Actor-Critic Learning Control With Regularization and Feature Selection in Policy Gradient Estimation

IEEE Trans Neural Netw Learn Syst. 2021 Mar;32(3):1217-1227. doi: 10.1109/TNNLS.2020.2981377. Epub 2021 Mar 1.

Abstract

Actor-critic (AC) learning control architecture has been regarded as an important framework for reinforcement learning (RL) with continuous states and actions. In order to improve learning efficiency and convergence property, previous works have been mainly devoted to solve regularization and feature learning problem in the policy evaluation. In this article, we propose a novel AC learning control method with regularization and feature selection for policy gradient estimation in the actor network.
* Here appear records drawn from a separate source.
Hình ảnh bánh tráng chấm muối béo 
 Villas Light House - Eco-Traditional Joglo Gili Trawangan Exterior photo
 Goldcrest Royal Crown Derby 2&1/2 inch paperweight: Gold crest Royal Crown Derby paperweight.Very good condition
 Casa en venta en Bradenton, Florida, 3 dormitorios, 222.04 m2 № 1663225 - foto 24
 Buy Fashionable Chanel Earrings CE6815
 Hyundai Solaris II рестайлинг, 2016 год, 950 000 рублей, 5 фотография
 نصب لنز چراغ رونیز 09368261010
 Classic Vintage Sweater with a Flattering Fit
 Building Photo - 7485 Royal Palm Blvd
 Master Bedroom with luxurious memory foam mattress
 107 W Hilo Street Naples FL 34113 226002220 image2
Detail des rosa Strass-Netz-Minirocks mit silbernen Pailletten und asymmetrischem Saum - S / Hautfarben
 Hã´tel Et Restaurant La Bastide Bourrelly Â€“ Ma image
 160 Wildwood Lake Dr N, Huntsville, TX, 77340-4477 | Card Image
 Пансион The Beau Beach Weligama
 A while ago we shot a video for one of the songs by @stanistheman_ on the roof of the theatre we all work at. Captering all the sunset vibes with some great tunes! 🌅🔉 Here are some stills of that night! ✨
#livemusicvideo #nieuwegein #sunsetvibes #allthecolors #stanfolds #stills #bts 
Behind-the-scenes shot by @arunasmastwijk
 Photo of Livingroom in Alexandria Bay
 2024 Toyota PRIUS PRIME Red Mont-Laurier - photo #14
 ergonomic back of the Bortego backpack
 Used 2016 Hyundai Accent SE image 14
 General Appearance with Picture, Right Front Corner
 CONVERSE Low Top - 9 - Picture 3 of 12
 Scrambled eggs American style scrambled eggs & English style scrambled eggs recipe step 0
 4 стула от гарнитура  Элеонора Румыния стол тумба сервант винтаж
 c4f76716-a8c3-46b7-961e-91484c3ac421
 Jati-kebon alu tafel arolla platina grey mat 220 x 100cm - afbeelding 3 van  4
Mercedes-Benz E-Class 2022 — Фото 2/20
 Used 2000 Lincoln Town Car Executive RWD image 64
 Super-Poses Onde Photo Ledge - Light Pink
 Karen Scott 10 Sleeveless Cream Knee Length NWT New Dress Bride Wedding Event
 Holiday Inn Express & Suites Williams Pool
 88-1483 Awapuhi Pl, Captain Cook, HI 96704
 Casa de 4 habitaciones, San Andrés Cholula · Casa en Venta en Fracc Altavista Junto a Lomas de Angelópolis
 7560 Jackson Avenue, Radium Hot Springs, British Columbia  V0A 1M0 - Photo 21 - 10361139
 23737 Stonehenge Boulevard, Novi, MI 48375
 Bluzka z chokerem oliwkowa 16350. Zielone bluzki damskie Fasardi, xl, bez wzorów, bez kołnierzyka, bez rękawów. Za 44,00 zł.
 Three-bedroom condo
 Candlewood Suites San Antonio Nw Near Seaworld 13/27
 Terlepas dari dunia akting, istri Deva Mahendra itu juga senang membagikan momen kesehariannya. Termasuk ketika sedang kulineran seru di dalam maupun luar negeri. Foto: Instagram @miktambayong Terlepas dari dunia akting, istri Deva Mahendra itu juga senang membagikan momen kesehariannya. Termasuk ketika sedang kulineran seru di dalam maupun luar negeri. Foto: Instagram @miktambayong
The main contribution is that l1 -regularization is used on the actor network to achieve the function of feature selection. In each iteration, policy parameters are updated by the regularized dual-averaging (RDA) technique, which solves a minimization problem that involves two terms: one is the running average of the past policy gradients and the other is the l1 -regularization term of policy parameters. Our algorithm can efficiently calculate the solution of the minimization problem, and we call the new adaptation of policy gradient RDA-policy gradient (RDA-PG). The proposed RDA-PG can learn stochastic and deterministic near-optimal policies. The convergence of the proposed algorithm is established based on the theory of two-timescale stochastic approximation. The simulation and experimental results show that RDA-PG performs feature selection successfully in the actor and learns sparse representations of the actor both in stochastic and deterministic cases. RDA-PG performs better than existing AC algorithms on standard RL benchmark problems with irrelevant features or redundant features.